Black Water Lyrics – What Were Once Vices Are Now Habits

 

Patrick simmons

“Well, i built me a raft and she’s ready for floatin’
Ol’ mississippi, she’s callin’ my name
Catfish are jumpin’
That paddle wheel thumpin’
Black water keeps rollin’ on past just the same

Old black water, keep on rollin’
Mississippi moon, won’t you keep on shinin’ on me
Old black water, keep on rollin’
Mississippi moon, won’t you keep on shinin’ on me
Old black water, keep on rollin’
Mississippi moon, won’t you keep on shinin’ on me
Yeah, keep on shinin’ your light
Gonna make everything, pretty mama
Gonna make everything all right
And i ain’t got no worries
’cause i ain’t in no hurry at all

Well, if it rains, i don’t care
Don’t make no difference to me
Just take that street car thats goin’ up town
Yeah, i’d like to hear some funky dixieland
And dance a honky tonk
And i’ll be buyin’ ev’rybody drinks all ‘roun’

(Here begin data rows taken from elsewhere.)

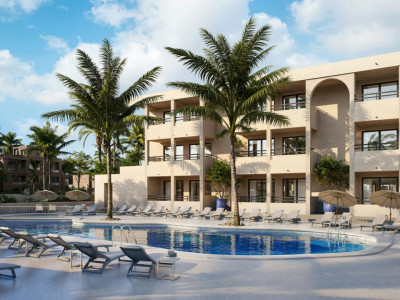 Apartament 2 dormitoare - Wyndham Portocolom– A Lifestyle Investment in Mallorca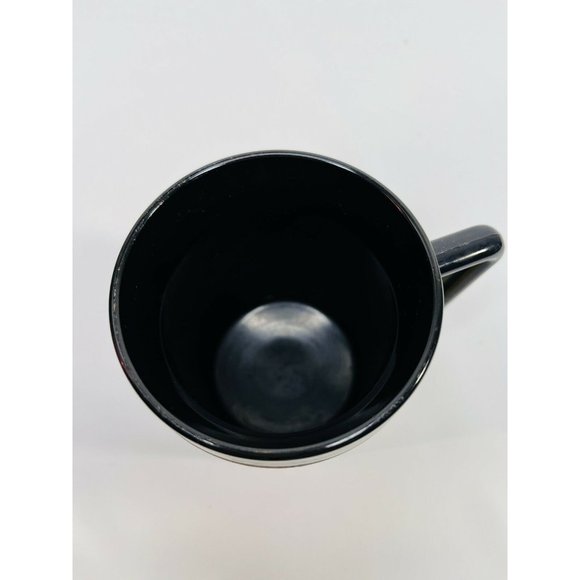 Vintage Shell Oil Advertising Coffee Mug SAFETY IS EVERYONES JOB PLASTIC - Picture 3 of 6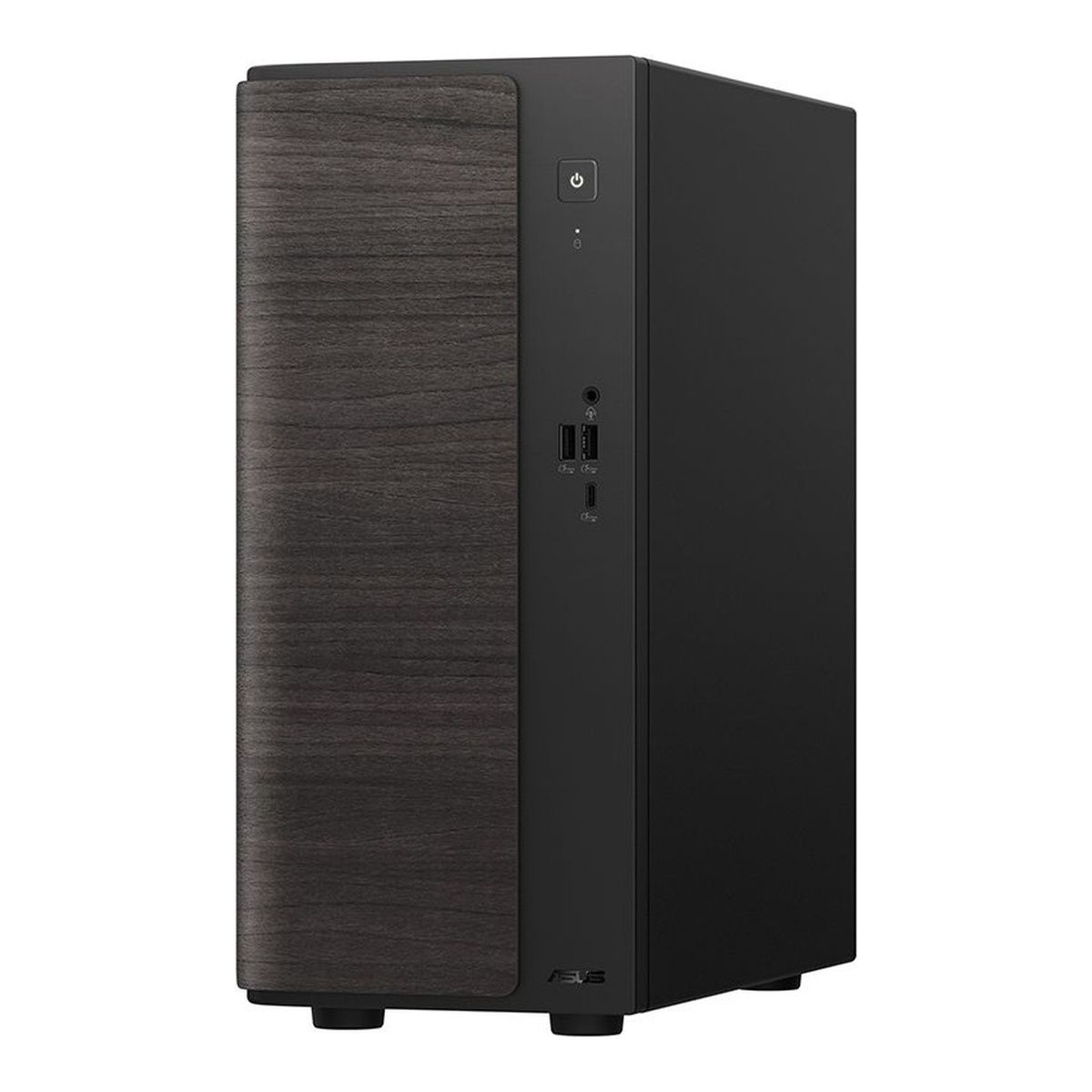 ASUS V500 Mini Tower Core 5 210H 16GB RAM 1TB SSD Win 11 Home Black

Old black water, keep on rollin’
Mississippi moon, won’t you keep on shinin’ on me
Old black water, keep on rollin’
Mississippi moon, won’t you keep on shinin’ on me
Old black water, keep on rollin’
Mississippi moon, won’t you keep on shinin’ on me
Yeah, keep on shinin’ your light
Gonna make everything, pretty mama
Gonna make everything all right
And i ain’t got no worries
’cause i ain’t in no hurry at all

I’d like to hear some funky dixieland
Pretty mama come and take me by the hand
By the hand, take me by the hand pretty mama
Come and dance with your daddy all night long
I want to honky tonk, honky tonk, honky tonk
With you all night long”

When I was 13, my family drove from our home in Elkhart, Kansas to my sister’s house, near St. Petersburg, Florida. A long trip meant plenty of radio time for me. Elkhart was a cultural desert, if you were interested in any kind of music other than Country. Our best shot at rock, rythm and blues, or…. disco….. YES, I said disco…. was from KOMA am radio from Oklahoma City, Oklahoma. KOMA was a top 40 format station that we only could get at night. 50,000 watts floated on the night airwaves and brought music from the “big cities” to all the rural, small town kids who had developed a taste for something other that Porter Wagner. The problem with KOMA was two-fold:

1- The signal faded. In fact, I got so used to static, I thought it was just some new music technology…. OK, not really, but FORGET decent sound quality from the radio…. You could also forget Jazz, Blues, Classical, Album Rock, or anything FM. AM was it at night and either Dick Clark  and American Bandstand on Saturday or maaaaybe Soul Train with Don Cornelius played usually in the dead of the night… which was pretty tragic, white kids needed a cultural education regarding the soul of disco and much of ’60’s rock… the music of Black folk.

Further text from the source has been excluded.